Collect data from larger sample (N > 200)
Exploratory Factor Analysis (EFA)
Item analysis (correlations, distributions)
Calculate reliability (α)

6

Confirmatory Testing

New sample for Confirmatory Factor Analysis
Test convergent/discriminant validity
Assess criterion validity
Test-retest reliability

7

Cross-Validation

Test in different populations
Test measurement invariance
Establish norms if applicable
Publish and disseminate

Using Existing Scales

When to Use Existing Scales:

Well-validated scale already exists
Want to compare with previous research
Limited time/resources for development
Need established norms

Criteria for Selecting a Scale:

Theoretical fit

Does the conceptual definition match yours?

Validity evidence

Has validity been established?
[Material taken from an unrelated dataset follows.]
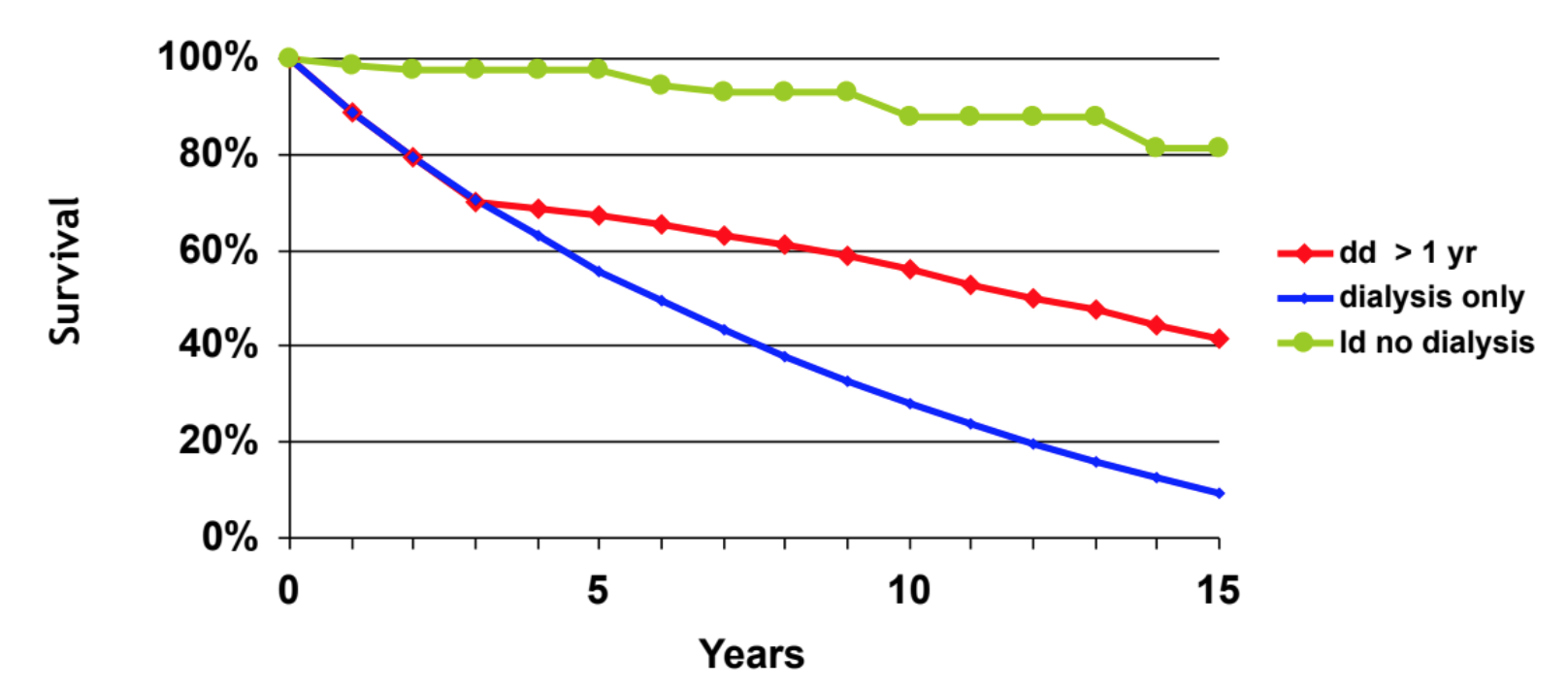 <p>years later, impacts survival</p>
In what populations?

Reliability evidence

What are reported reliability coefficients?

Population appropriateness

Was it validated on similar population?

Practical considerations

Length, language, cost, permissions

Citation count

How widely used? (check Google Scholar)

Where to Find Existing Scales:

Published articles: Check methods sections
PsycTESTS: APA database of psychological tests
RAND Health Care: Free validated health measures
Measurement instrument databases: PROMIS, NIH Toolbox
Systematic reviews: Reviews of measures in specific areas
Original authors: Contact for permissions and materials

                                    Important Considerations
                                    Permission: Many scales require permission or purchase
Modification: Changes may affect validity—report any modifications
Translation: Validated translation required if using in different language
Cultural adaptation: May need adaptation for different cultures
Re-validation: Consider validating in your specific population

                                

Item Writing Guidelines

DO

Keep items short and simple
Use clear, concrete language
Focus on one idea per item
Use active voice
Write at appropriate reading level
Include both positive and negative items
Match items to target population

AVOID

Double-barreled items ("I am happy and healthy")
Double negatives
Jargon or technical terms
Leading or loaded language
Absolute terms ("always," "never")
Hypothetical situations
Items all keyed in same direction

                                    Quick Checklist for Your Measure
                                    ☐ Construct clearly defined
☐ Items reviewed by experts
☐ Pilot tested for clarity
☐ Reliability calculated and reported
☐ Validity evidence provided
☐ Appropriate for your population
☐ Permissions obtained (if using existing scale)
☐ Any modifications documented

                                

Summary

Module 07 Key Takeaways

What You've Learned

Measurement involves operationalizing abstract concepts into measurable variables
Four levels of measurement (nominal, ordinal, interval, ratio) determine appropriate statistics
Validity asks "Are we measuring what we think we're measuring?" (face, content, construct, criterion)
Reliability asks "Are we measuring consistently?" (test-retest, internal consistency, inter-rater)
Scale development is rigorous; using existing validated scales is often preferred

Next Steps

In Module 08: Ethics in Research, you'll learn about ethical principles and guidelines for conducting research, including informed consent, IRB approval, protecting participants, and responsible conduct of research.

Continue to Module 08

Practice

Measurement Practice Exercises

Applied Measurement Tasks

Operationalization: Choose a construct (e.g., "student engagement") and:
- Write a conceptual definition
- Identify 3-4 dimensions
- Create 2-3 indicators for each dimension
Level Identification: Classify these variables by level of measurement:
- Political party affiliation
- Customer satisfaction (1-10)
- Response time in seconds
- Pain severity (none/mild/moderate/severe)
- Temperature in Kelvin
Scale Selection: Find an existing validated scale for a construct related to your research interest:
- Document validity and reliability evidence
- Identify the population it was validated on
- Assess appropriateness for your study
Item Critique: Identify problems with these items:
- "I never sometimes feel stressed"
- "How satisfied are you with your salary and benefits?"
- "Don't you think exercise is important?"
Reliability Practice: Calculate Cronbach's alpha for a short scale using SPSS, R, or online calculator. Interpret the result.